** Required action **
From the first line below to the last, reproduce the material exactly and leave out the images.

** Provided material **

******************************

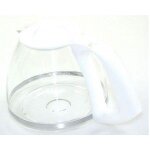 Verseuse + couvercle blanc pour cafetiere moulinex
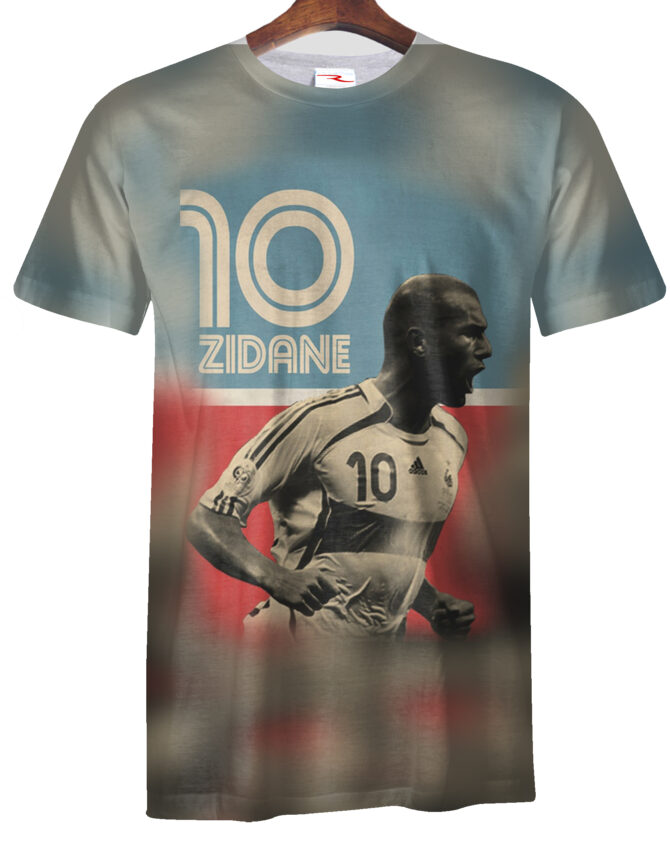 Remera Zinedine Zidane Retro Vintage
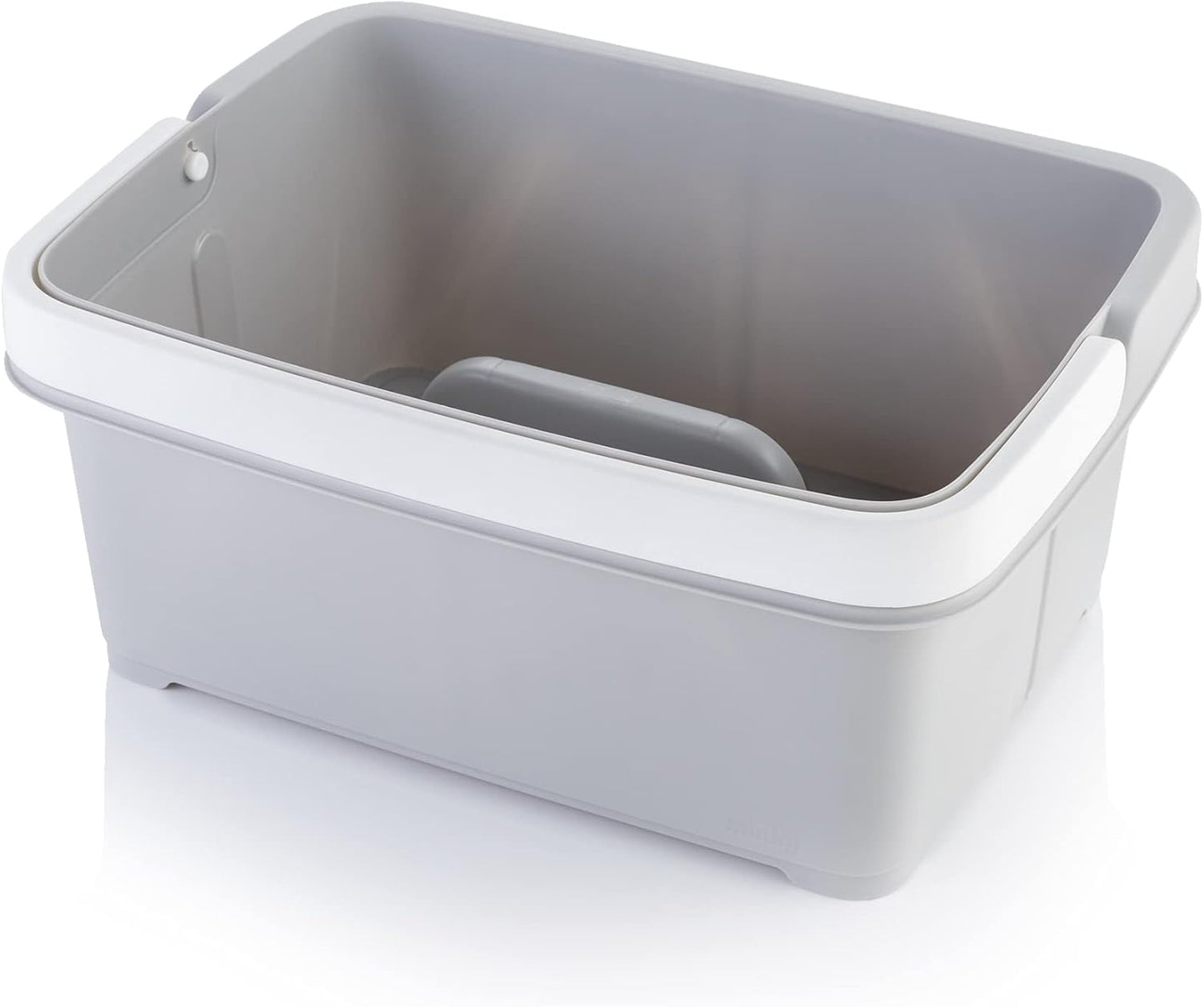 Organiz. plástico con asa plegable para despensa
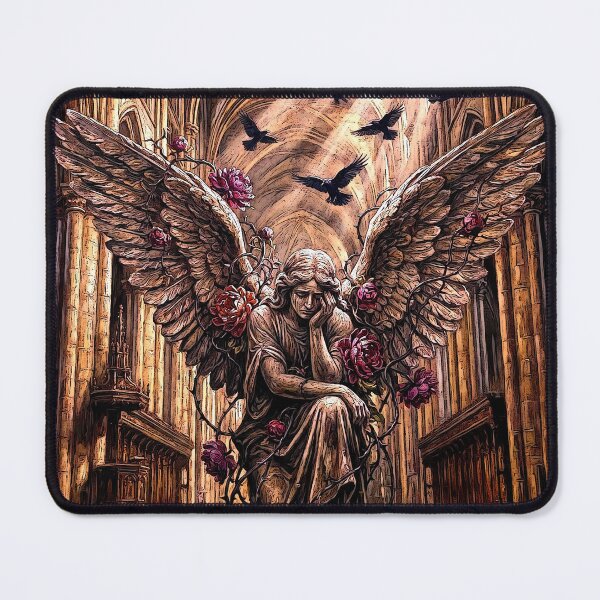 Item preview, Epic Dark Fantasy &amp; Gothic Cathedral Wall Art (3:4) designed and sold by Cyber-ART-Studio.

******************************

** Result **
 Verseuse + couvercle blanc pour cafetiere moulinex
 Remera Zinedine Zidane Retro Vintage
 Organiz. plástico con asa plegable para despensa
 Item preview, Epic Dark Fantasy &amp; Gothic Cathedral Wall Art (3:4) designed and sold by Cyber-ART-Studio.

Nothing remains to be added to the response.